Review: Food Not Lawns

Cover of "Food not Lawns," featuring the title in large green text and a small illustration of a person on a bicycle with a pitchfork and a basket containing a chicken strapped to the back.Title: Food Not Lawns: How to Turn Your Yard Into a Garden and Your Neighborhood Into a Community

Author: Heather Jo Flores

Genre: Environment/Sustainability

Trigger Warnings: Moralizing about food

Back Cover:

Gardening can be a political act. Creativity, fulfillment, connection, revolution–it all begins when we get our hands in the dirt.

Food Not Lawns combines practical wisdom on ecological design and community-building with a fresh, green perspective on an age-old subject. Activist and urban gardener Heather Flores shares her nine-step permaculture design to help farmsteaders and city dwellers alike build fertile soil, promote biodiversity, and increase natural habitat in their own “paradise gardens.”

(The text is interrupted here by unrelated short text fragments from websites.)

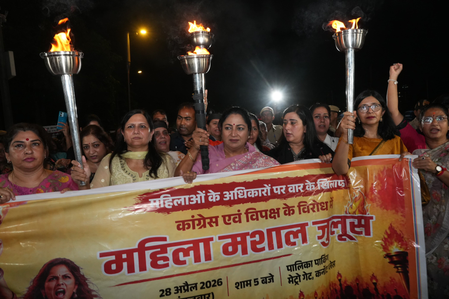 नारी शक्ति वंदन अधिनियम के समर्थन में भाजपा ने दिल्ली में निकाला मशाल जुलूस, विपक्ष को घेरा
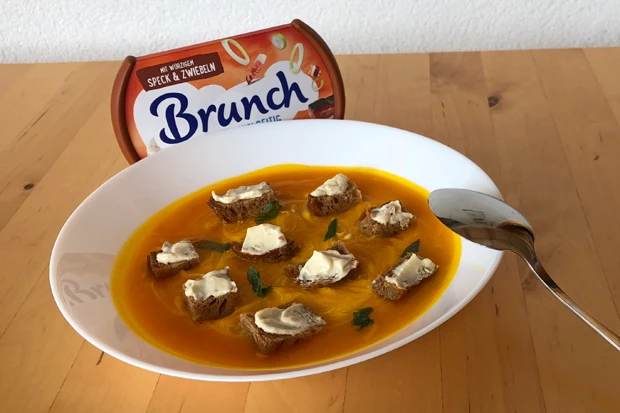 Brunch-K&uuml;rbissuppe mit Brotschiffchen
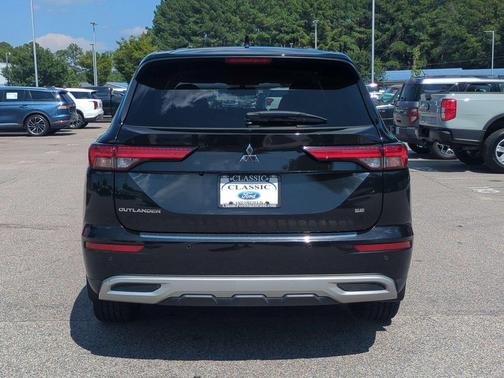 Labrador Black Pearl 2022 Mitsubishi Outlander SE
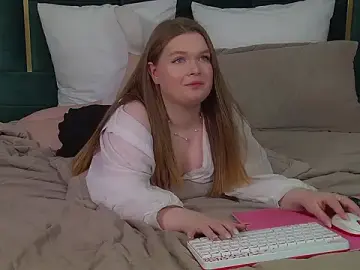 Adult Webcam with CrystalLyons - Stripchat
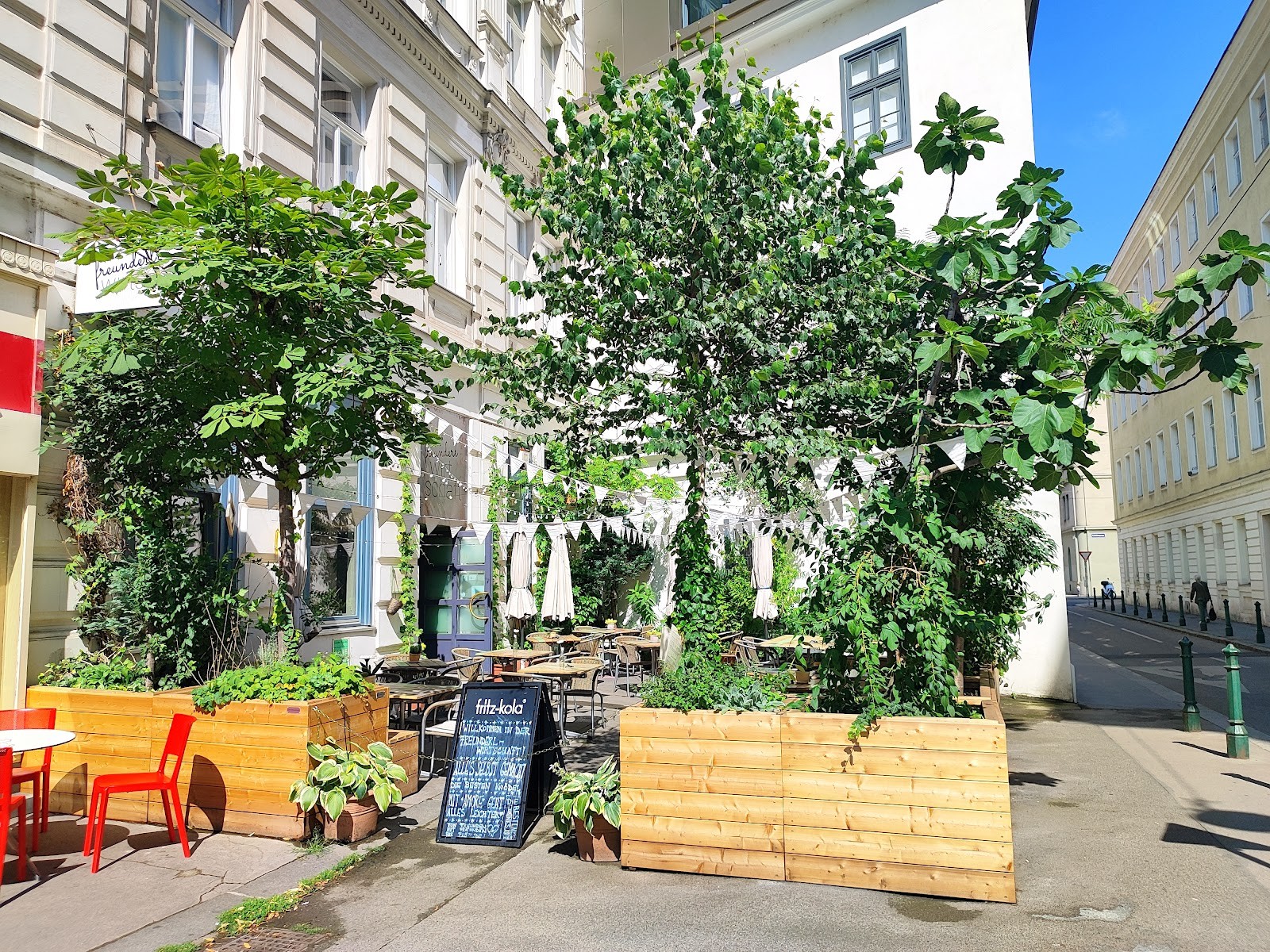 die freunderlwirtschaft wien: the place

But Food Not Lawns doesn’t begin and end in the seed bed. This joyful permaculture lifestyle manual inspires readers to apply the principles of the paradise garden–simplicity, resourcefulness, creativity, mindfulness, and community–to all aspects of life. Plant “guerilla gardens” in barren intersections and medians; organize community meals; start a street theater troupe or host a local art swap; free your kitchen from refrigeration and enjoy truly fresh, nourishing foods from your own plot of land; work with children to create garden play spaces.

Flores cares passionately about the damaged state of our environment and the ills of our throwaway society. In Food Not Lawns, she shows us how to reclaim the earth one garden at a time.

Review:

Full disclaimer: I’m in a couple of Heather Jo Flores’s Facebook groups. I’ve never actually interacted with her, though, and she doesn’t know I’m reading/reviewing her book, so I like to think it’s still sort of unbiased.

This book has a lot of good information. There’s two main categories of information here: tips for gardening and turning your yard into a garden, and tips for activism within your community. This is more a reference guide than anything else – you definitely can sit down and just read it straight through (which is what I did), but the book clearly wants you to go out and put its ideas into practice.

I found the gardening part very interesting, as it explains permaculture methods (vastly different from the industrial agriculture I grew up with) and advice for turning your yard into a “food forest”-type garden. It talks about plants that complement each other when grown together, different “zones” of a garden, soil microbes, and a lot more. I’ve been interested in the concept of permaculture, and I found this a really good basic introduction to the principles.

The community activism part was also good information, although parts of it seemed more pie-in-the-sky than practical (especially in the bit about fundraising). I’m sure Heather Jo has used all of the methods she said in this book that she used, but I don’t think they’re all universally applicable. That said, a lot of the ideas did sound good, at least in theory, and I’d be willing to give them a try.

Overall, this was a solid book. Heather Jo and I have some different ideas on things (for example, I don’t think GMOs are inherently evil), but overall I appreciated how relentlessly practical this book is. It’s a book that wants you to go out and do the things it’s telling you about, and though I read it as an ebook, I fully intend to get my hands on a paperback copy so I can have it on hand to reference as I start trying to actually do some permaculture gardening.